C'est ainsi que six mois après, Raphaël Lemonnier et Philippe Chuyen ont travaillé ensemble sur la mise en scène de la pièce. Un duo qui s'entend remarquablement bien, en témoigne l'anecdote amusante suivante : "Pendant un trajet en voiture, je reçois un appel de Raphaël qui m'explique être épaté du travail de Philippe. Et très vite après, c'est Philippe qui me dit la même chose de Raphaël !", s'amuse Émmanuel Carrière. Pour étoffer le spectacle, Philippe Chuyen avait besoin d'un vélo, sur lequel il pourrait jouer et se promener. Par chance, Émmanuel avait gardé dans sa maison de campagne le vieux vélo de son père, qu'il a donc prêté.

Le Prix d'un Goncourt
Le roman Le Prix d'un Goncourt a été adapté en pièce de théâtre • Sacha Virga
 

Une première au théâtre Christian Liger

Après des mois de dur labeur, la pièce a été jouée pour la première fois l'année dernière, dans le cadre du 50e anniversaire du prix Goncourt de Jean Carrière, au théâtre Christian Liger à Nîmes. Un succès retentissant, qui a amené d'autres représentations : au Grau-du-Roi, au festival d'Avignon cet été, et déjà d'autres dates, à Saint-Gilles le 10 novembre prochain et à l'Ombrière d'Uzès en 2024. "Lorsque j'ai parlé du spectacle à Eddy Valadier, maire de Saint-Gilles ainsi qu'à Fabrice Verdier et Jean-Luc Chapon à Uzès, ils m'ont tout de suite dit oui pour l'accueillir", s'exprime Émmanuel Carrière.
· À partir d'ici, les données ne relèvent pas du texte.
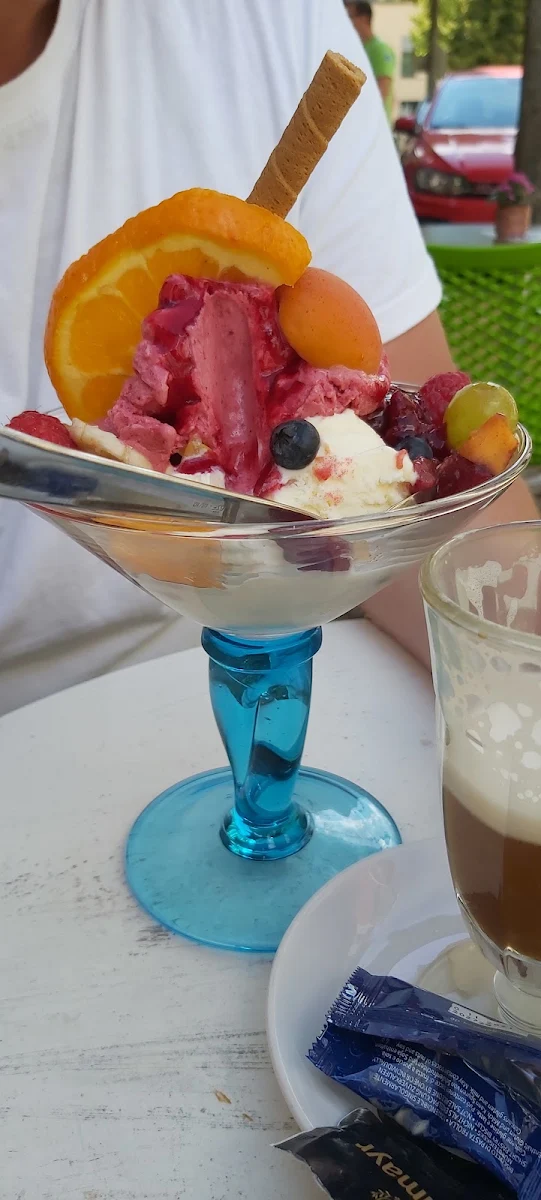 Früchteeisbecher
Une pièce tragi-comique assez grand public, adaptée aux lycéens, mélangeant les sujets profonds et douloureux de la vie de Jean Carrière, tout en apportant une part de sourires à certains moments. Saluée par la critique et les nombreux proches de la famille Carrière, Émmanuel fut victime de sentiments partagés : "Ça a été très très dur. J'étais content de voir jouer ce spectacle, mais il va loin dans l'intimité de ce que j'ai vécu de l'intérieur. Il m'a rappelé des souvenirs douloureux, des choses qui n'étaient pas faciles à vivre", se confie-t-il. 

La puissance de la pièce a fait d'ailleurs ressurgir des émotions chez de nombreuses personnes connaissant Jean Carrière, reparties en pleurs après les représentations. Émmanuel met en avant la justesse de la reproduction théâtrale, ayant l'impression que Philippe était un vieux ami à son père, alors qu'ils n'ont eu que quelques mois à peine pour se connaître. "Ils ont fait un super boulot, c'est le plus bel hommage qu'ils aient pu faire à son sujet", s'émeut-il. L'élu municipal souligne également les conférences de Patrick Cabanel, historien de formation, ayant publié le livre Enquête sur un roman - L'Épervier de Maheux.